Effecten van laagspanning:

Wanneer een motor wordt blootgesteld aan spanningen onder de nominale waarde van het typeplaatje, zullen sommige kenmerken van de motor enigszins veranderen en andere drastisch.

De hoeveelheid stroom die uit de lijn wordt gehaald, moet worden vastgesteld voor een vaste hoeveelheid belasting.

De hoeveelheid stroom die de motor trekt, heeft een ruwe correlatie met de spanning naar stroom (ampère).

Om hetzelfde vermogen te behouden, als de voedingsspanning laag is, dient een toename van de stroom als compensatie.
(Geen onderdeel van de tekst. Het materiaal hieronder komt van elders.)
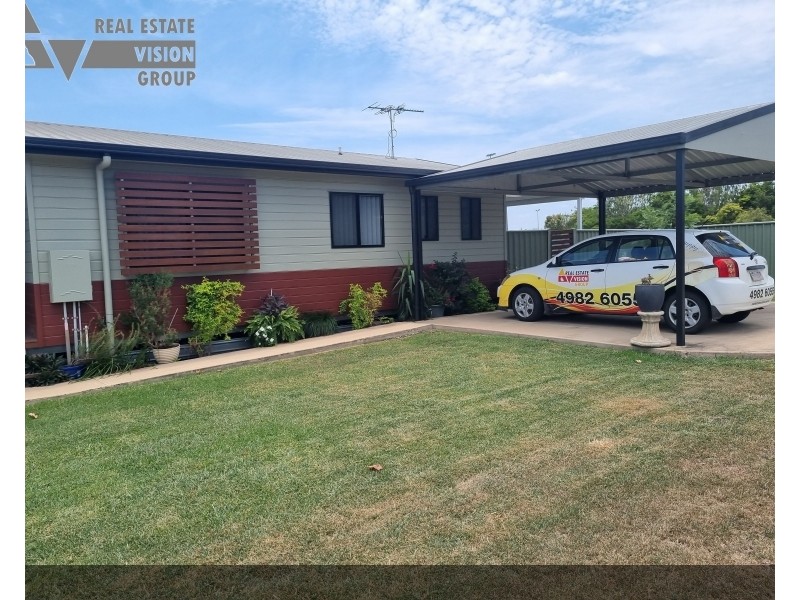 1A Pendula Lane, Blackwater QLD 4717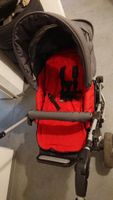 Teutonia Kinderwagen Hessen - Hanau Vorschau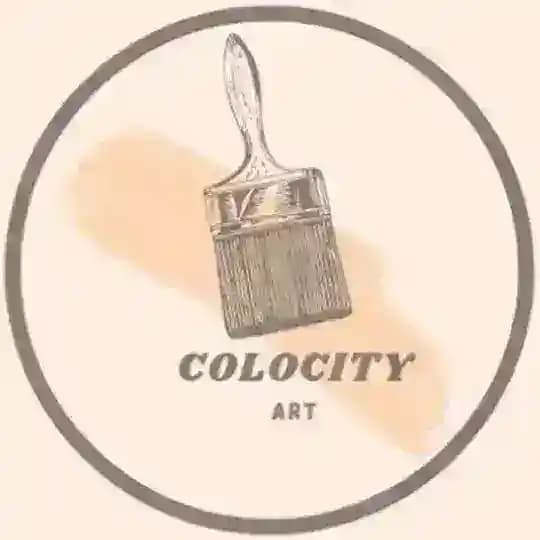 COLOCITY ART™🎨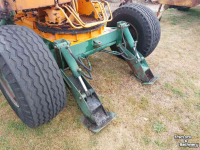 Mobilbagger Vaiacar 8R getrokken kraan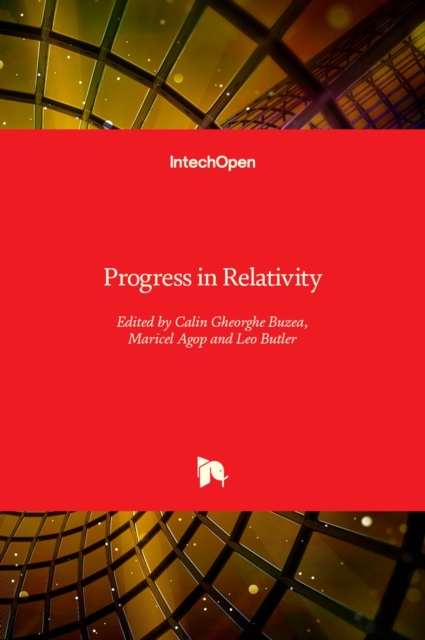 Progress in Relativity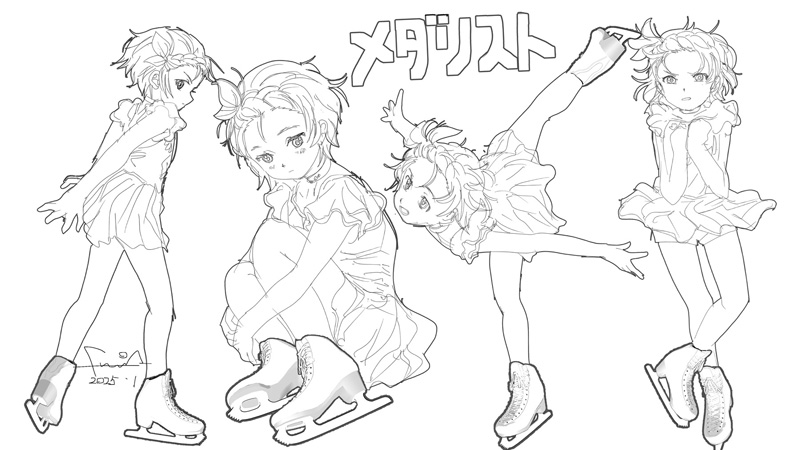 靴合わせ 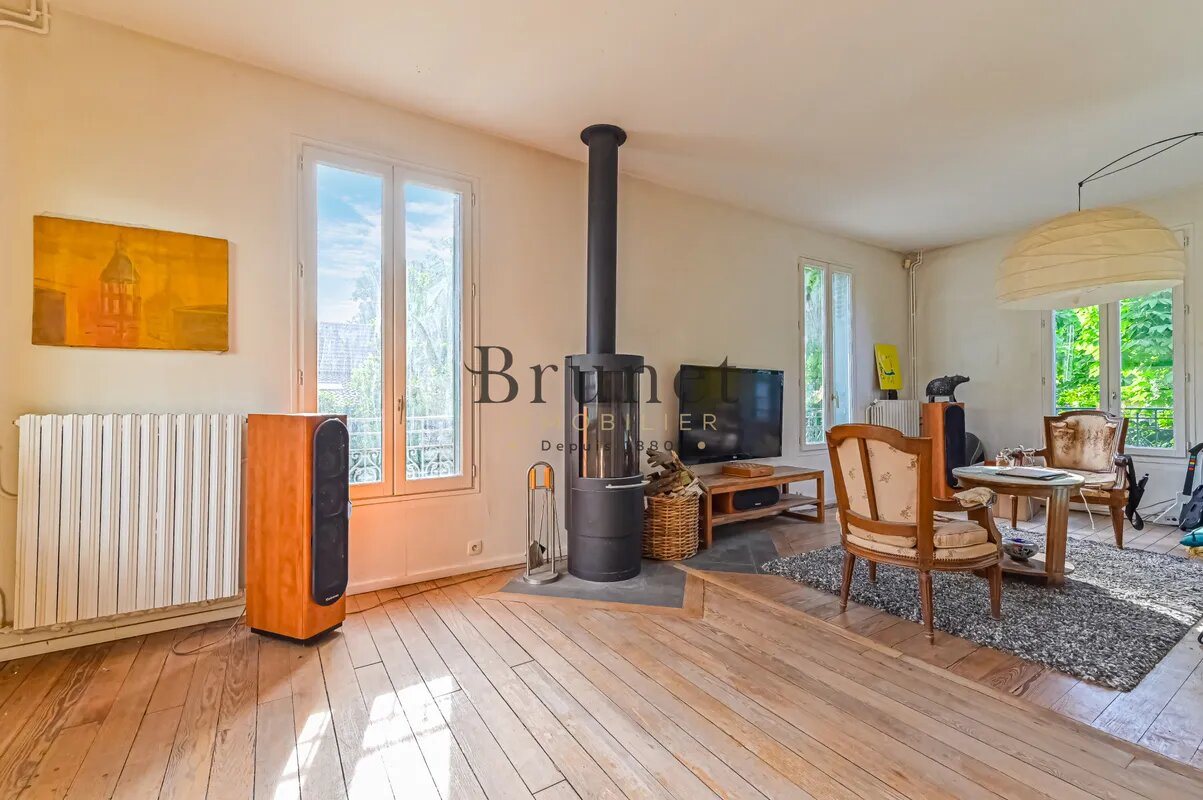 Maison à vendre, 136m², Fosses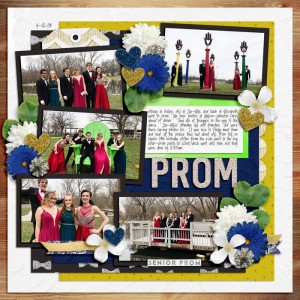 Senior Prom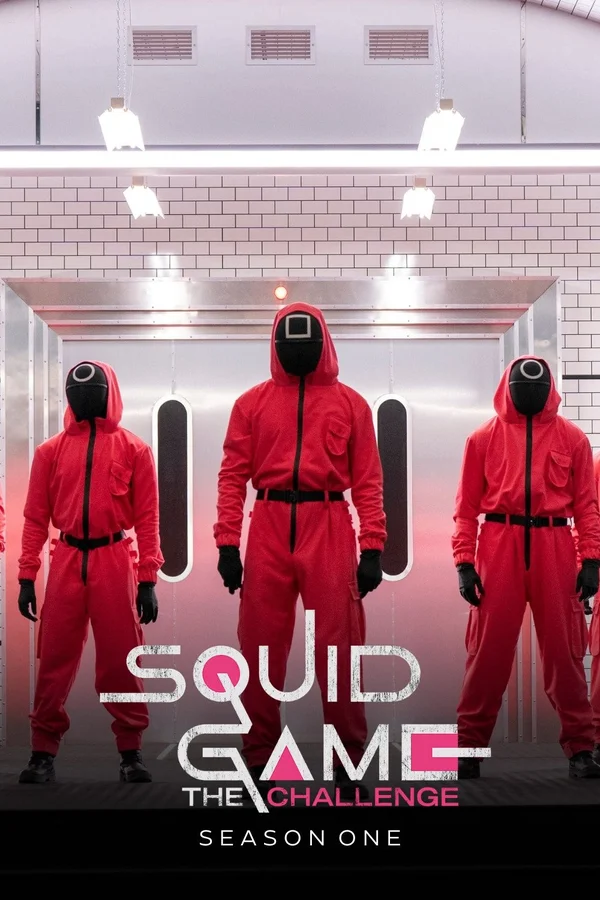 Xem Thử Thách Trò Chơi Con Mực (Phần 1) Online - Cùng Xem Cùng Chill | Phim Hay C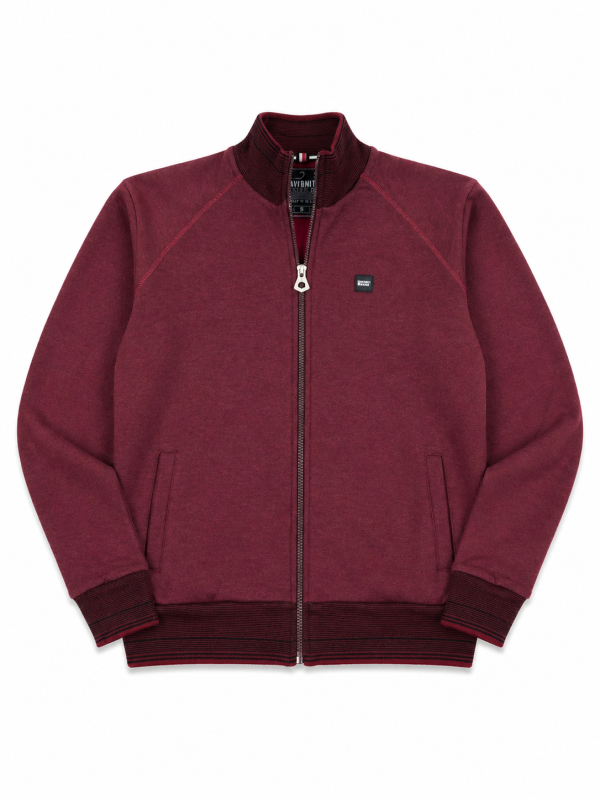 Campera Taverniti Pablo TVT17138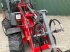 Hoflader del tipo Weidemann  1160, Gebrauchtmaschine en Twistringen (Imagen 8)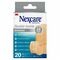 Nexcare 3m Flexible Textile Universal Strips 20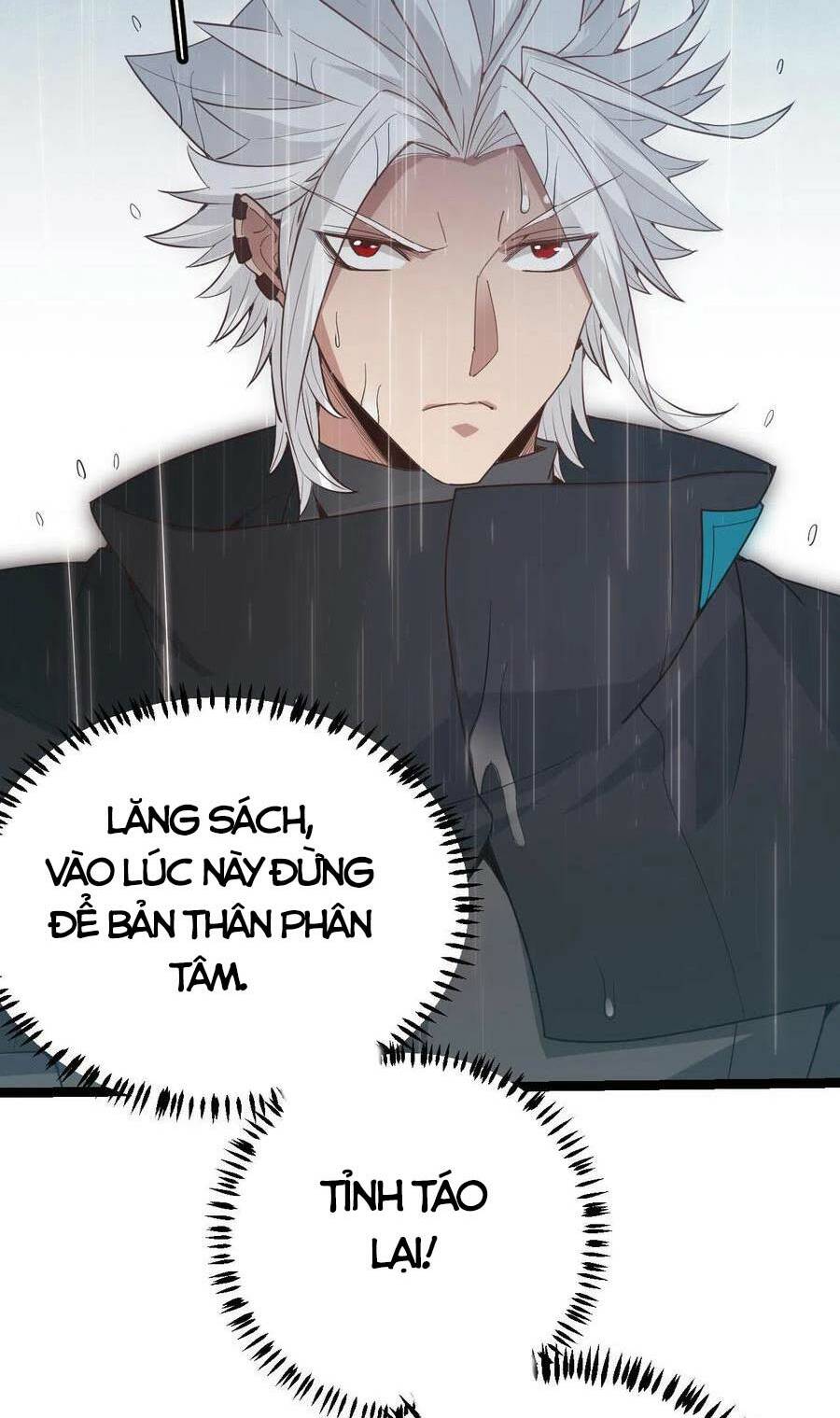 Tôi Đến Từ Thế Giới Trò Chơi Chapter 67 - Trang 2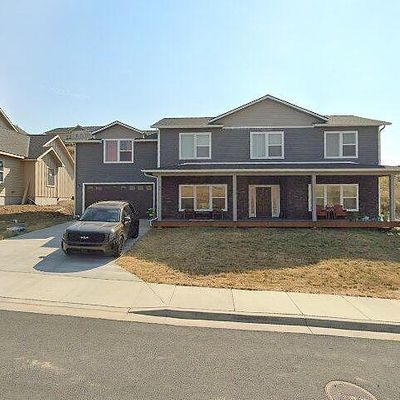 1135 Nw Marshland St, Pullman, WA 99163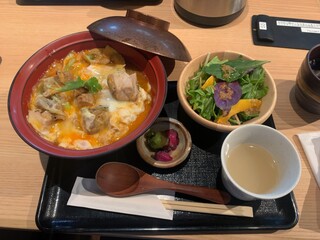 秋葉原の安いランチ特集 予算内で大満足できるお店選 食べログまとめ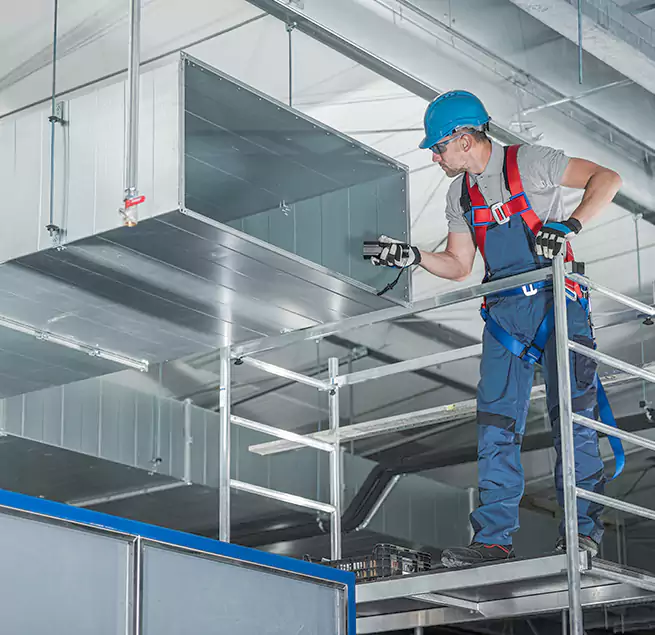 Why Homeowners & Businesses Trust Us in Lake Charles, LA?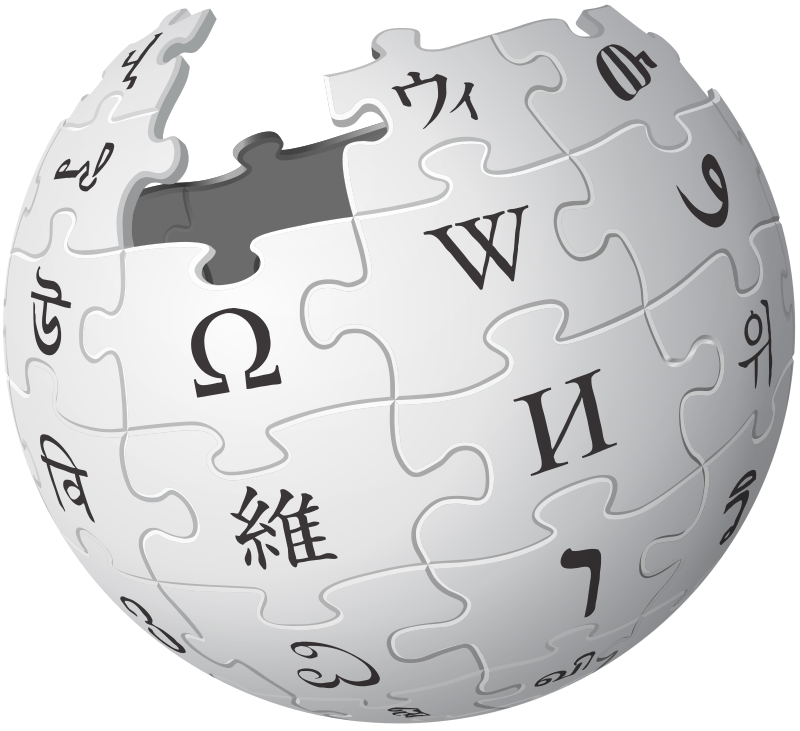 ウィキペディア(Wikipedia)のサービス紹介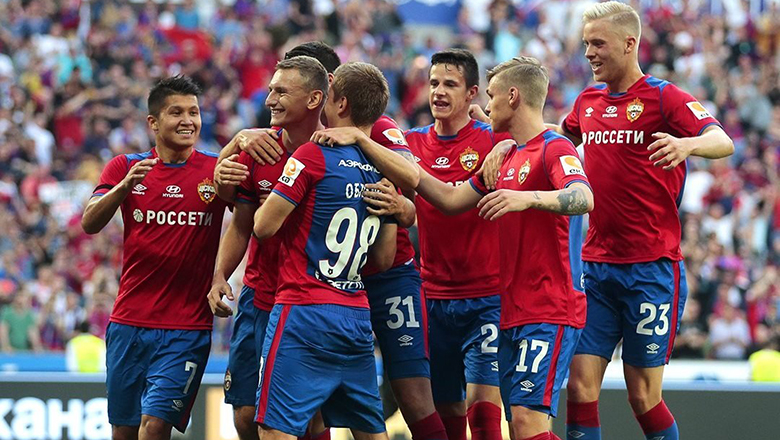 Nhận định, dự đoán CSKA Moscow vs Ural, 19h00 ngày 16/7: Khởi đầu suôn sẻ - Ảnh 3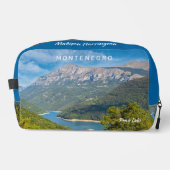 名前をカスタムする&文字モンテネグロ ドップキット (正面)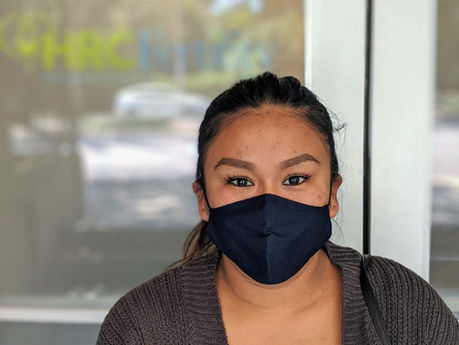 Surrogate Stories: Why Maria chose to become a surrogate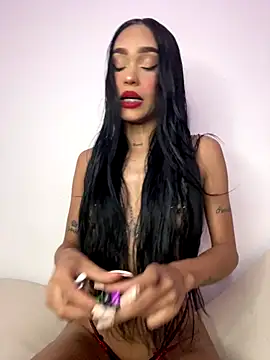 Exotic girl666 online show from 21, 12, 2025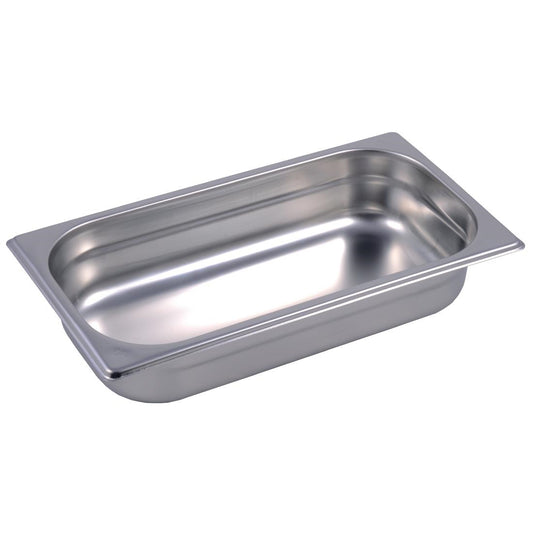 Bac inox GN1/3 Gastro M 65mm - Gastro M - GR710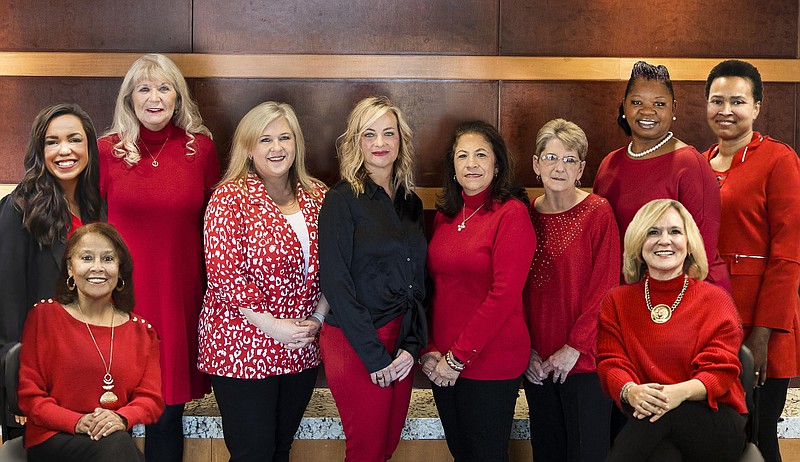 SARH Women's Wellness Board announces Healthy Heart Healthy You | El ...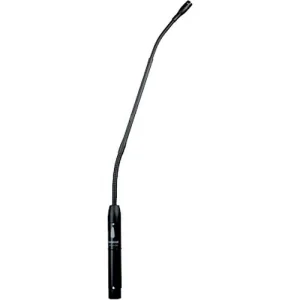 SHURE MX412S/C Gooseneck Masa Üstü Mikrofon 30 cm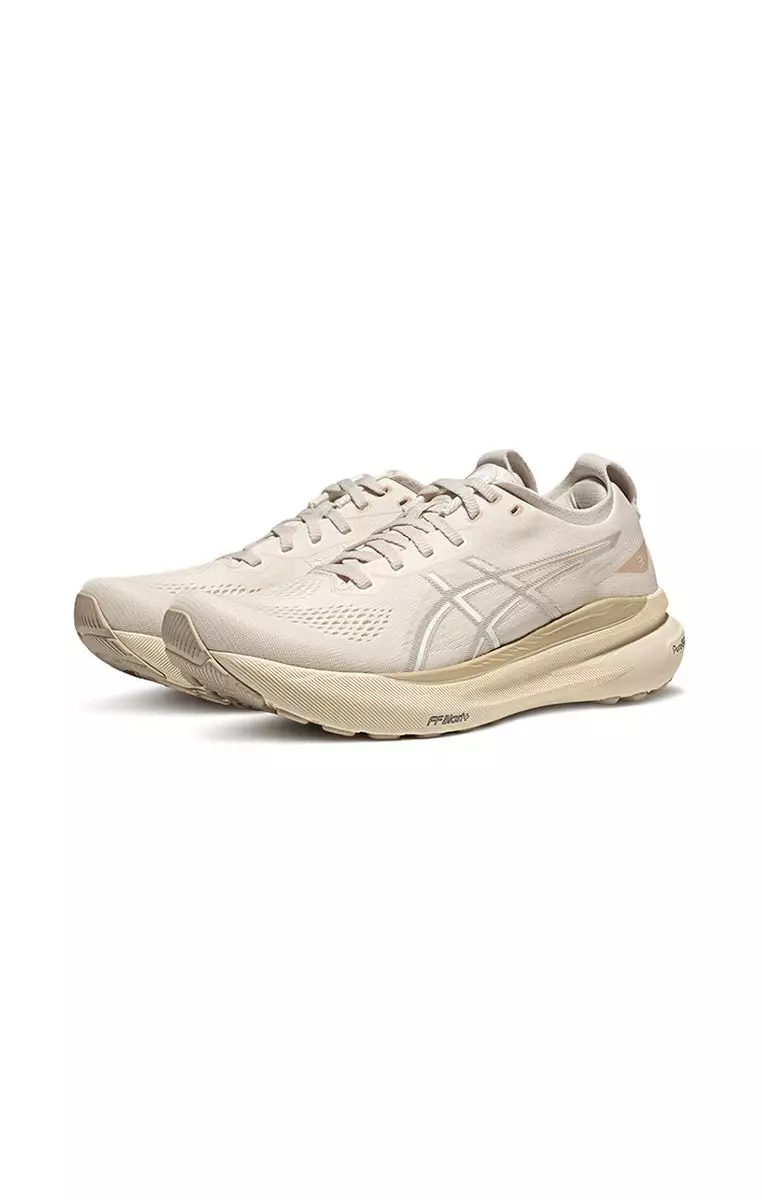 GEL-KAYANO 31 跑步鞋 1011B995-200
Het is echter gevaarlijk omdat een hogere stroom ervoor zorgt dat er meer warmte wordt opgebouwd in de motor, waardoor de motor uiteindelijk kapot gaat.

De nadelen van het aanleggen van laagspanning zijn dus oververhitting van de motor en de motor is beschadigd.

Het startkoppel, het ophaalkoppel en het uittrekkoppel van een grote belasting (inductiemotoren), gebaseerd op de aangelegde spanning in het kwadraat.

Over het algemeen kan een vermindering van 10% ten opzichte van de nominale spanning leiden tot een laag startkoppel, optrek- en uittrekkoppel.

Effecten van hoogspanning:

Door hoge spanning kunnen de magneten verzadigd raken, waardoor de motor te veel stroom trekt om het strijkijzer te magnetiseren. Zo kan hoogspanning ook tot schade leiden. Hoogspanning vermindert ook de arbeidsfactor, waardoor de verliezen toenemen.

Motoren tolereren bepaalde wijzigingen in de spanning boven de ontwerpspanning. Wanneer de extremen boven de ontwerpspanning ervoor zorgen dat de stroom stijgt met overeenkomstige veranderingen in verwarming en een verkorting van de levensduur van de motor.

De spanningsgevoeligheid heeft niet alleen invloed op motoren, maar ook op andere apparaten. De solenoïdes en spoelen in relais en starters verdragen laagspanning beter dan hoogspanning. Andere voorbeelden zijn voorschakelapparaten in fluorescentie-, kwik- en hogedruknatriumarmaturen en transformatoren en gloeilampen.

Over het algemeen is het beter voor de apparatuur als we de kranen op inkomende transformatoren veranderen om de spanning op de fabrieksvloer te optimaliseren tot iets dat in de buurt komt van de apparatuurclassificaties, wat het belangrijkste concept is achter het voorgestelde concept van spanningsstabilisatie in het project.

Regels om de voedingsspanning te bepalen

  • Kleine motoren zijn over het algemeen gevoeliger voor overspanning en verzadiging dan grote motoren.
  • Eenfasemotoren zijn meestal gevoeliger voor overspanning dan driefasige motoren.
  • U-frame-motoren zijn minder gevoelig voor overspanning dan T-frames.
  • Premium efficiency Super-E-motoren zijn minder gevoelig voor overspanning dan standaard efficiency-motoren.
  • 2- en 4-polige motoren worden doorgaans minder beïnvloed door hoogspanning dan 6- en 8-polige ontwerpen.
  • Overspanning kan de stroomsterkte en temperatuur verhogen, zelfs bij licht belaste motoren
  • De efficiëntie wordt ook beïnvloed als deze wordt verminderd met lage of hoge spanning
  • De arbeidsfactor neemt af bij hoogspanning.
  • De inschakelstroom gaat omhoog met een hogere spanning.

Krijg meer kennis over verschillende elektronische concepten en circuits door wat mini te doen elektronica projecten op technisch niveau.